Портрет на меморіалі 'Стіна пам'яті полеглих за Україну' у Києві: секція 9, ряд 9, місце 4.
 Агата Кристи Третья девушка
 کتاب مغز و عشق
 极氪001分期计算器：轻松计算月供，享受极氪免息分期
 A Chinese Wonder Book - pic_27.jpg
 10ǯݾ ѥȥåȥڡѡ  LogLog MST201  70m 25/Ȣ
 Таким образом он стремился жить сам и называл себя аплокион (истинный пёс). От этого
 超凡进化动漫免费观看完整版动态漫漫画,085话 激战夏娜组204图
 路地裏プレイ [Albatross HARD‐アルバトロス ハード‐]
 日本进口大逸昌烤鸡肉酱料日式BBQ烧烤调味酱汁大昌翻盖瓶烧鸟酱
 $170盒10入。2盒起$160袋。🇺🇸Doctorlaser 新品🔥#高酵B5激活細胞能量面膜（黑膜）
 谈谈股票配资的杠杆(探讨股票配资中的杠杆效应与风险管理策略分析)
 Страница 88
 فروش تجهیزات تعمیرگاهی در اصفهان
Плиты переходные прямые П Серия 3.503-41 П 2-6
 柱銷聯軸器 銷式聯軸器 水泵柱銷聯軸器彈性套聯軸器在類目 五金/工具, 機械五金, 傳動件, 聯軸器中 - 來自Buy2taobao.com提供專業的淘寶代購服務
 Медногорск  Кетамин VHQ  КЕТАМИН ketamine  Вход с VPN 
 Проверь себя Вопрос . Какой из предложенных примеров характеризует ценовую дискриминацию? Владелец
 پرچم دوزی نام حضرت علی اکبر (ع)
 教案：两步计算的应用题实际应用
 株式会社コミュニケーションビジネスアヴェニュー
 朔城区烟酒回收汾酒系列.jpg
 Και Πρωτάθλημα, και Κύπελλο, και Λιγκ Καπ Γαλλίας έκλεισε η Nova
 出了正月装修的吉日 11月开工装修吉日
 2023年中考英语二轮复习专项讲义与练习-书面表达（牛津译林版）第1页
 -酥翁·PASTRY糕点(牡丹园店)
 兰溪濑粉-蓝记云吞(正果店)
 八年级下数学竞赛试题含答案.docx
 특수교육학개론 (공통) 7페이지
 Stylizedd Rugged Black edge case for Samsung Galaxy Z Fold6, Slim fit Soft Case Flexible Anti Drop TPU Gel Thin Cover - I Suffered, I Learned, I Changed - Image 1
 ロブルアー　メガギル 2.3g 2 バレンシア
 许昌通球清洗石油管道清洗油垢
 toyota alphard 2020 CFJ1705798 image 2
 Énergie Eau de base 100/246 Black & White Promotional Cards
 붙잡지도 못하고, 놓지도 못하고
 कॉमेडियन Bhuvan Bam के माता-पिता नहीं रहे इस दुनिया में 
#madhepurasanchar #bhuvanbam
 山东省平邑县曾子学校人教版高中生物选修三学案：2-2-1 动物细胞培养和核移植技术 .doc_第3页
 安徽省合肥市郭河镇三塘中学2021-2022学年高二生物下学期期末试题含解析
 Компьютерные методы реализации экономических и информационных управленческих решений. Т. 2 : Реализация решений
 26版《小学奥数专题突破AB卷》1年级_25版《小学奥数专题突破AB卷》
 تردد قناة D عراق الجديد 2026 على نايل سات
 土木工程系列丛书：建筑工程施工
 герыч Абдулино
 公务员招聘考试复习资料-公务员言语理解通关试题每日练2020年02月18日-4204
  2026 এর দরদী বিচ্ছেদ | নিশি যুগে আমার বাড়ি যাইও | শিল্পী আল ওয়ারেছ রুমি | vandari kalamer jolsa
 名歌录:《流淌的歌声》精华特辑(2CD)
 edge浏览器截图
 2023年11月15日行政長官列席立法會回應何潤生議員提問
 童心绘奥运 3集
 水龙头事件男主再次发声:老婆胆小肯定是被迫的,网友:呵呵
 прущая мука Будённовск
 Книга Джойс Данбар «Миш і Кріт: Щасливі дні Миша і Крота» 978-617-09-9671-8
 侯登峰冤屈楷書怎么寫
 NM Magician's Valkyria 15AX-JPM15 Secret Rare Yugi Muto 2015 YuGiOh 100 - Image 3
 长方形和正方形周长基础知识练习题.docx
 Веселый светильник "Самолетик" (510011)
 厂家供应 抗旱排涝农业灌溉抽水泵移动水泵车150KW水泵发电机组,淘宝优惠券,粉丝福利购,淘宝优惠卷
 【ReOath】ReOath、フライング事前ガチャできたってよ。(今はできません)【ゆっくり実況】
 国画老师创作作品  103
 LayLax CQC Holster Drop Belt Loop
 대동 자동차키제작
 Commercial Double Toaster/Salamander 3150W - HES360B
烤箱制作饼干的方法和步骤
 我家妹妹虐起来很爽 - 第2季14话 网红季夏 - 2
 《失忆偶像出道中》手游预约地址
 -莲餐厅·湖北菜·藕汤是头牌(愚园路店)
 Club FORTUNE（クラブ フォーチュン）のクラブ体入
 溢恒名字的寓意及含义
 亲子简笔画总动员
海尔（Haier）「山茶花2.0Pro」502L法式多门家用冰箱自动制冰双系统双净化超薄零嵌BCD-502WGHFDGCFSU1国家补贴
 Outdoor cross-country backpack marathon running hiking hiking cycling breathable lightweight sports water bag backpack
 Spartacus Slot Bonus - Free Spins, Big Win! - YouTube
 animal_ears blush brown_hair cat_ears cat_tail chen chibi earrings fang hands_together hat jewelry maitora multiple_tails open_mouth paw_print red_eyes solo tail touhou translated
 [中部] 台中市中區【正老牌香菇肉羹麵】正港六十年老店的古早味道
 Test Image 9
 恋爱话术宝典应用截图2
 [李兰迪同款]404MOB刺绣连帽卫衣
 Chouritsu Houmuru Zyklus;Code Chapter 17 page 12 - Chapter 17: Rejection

◇ ◇ ◇

EXERCISE INSTRUCTIONS →
If the word "Drop" appears in a line above, copy that line.

SOLUTION FOR THIS EXERCISE →
 Stylizedd Rugged Black edge case for Samsung Galaxy Z Fold6, Slim fit Soft Case Flexible Anti Drop TPU Gel Thin Cover - I Suffered, I Learned, I Changed - Image 1
 LayLax CQC Holster Drop Belt Loop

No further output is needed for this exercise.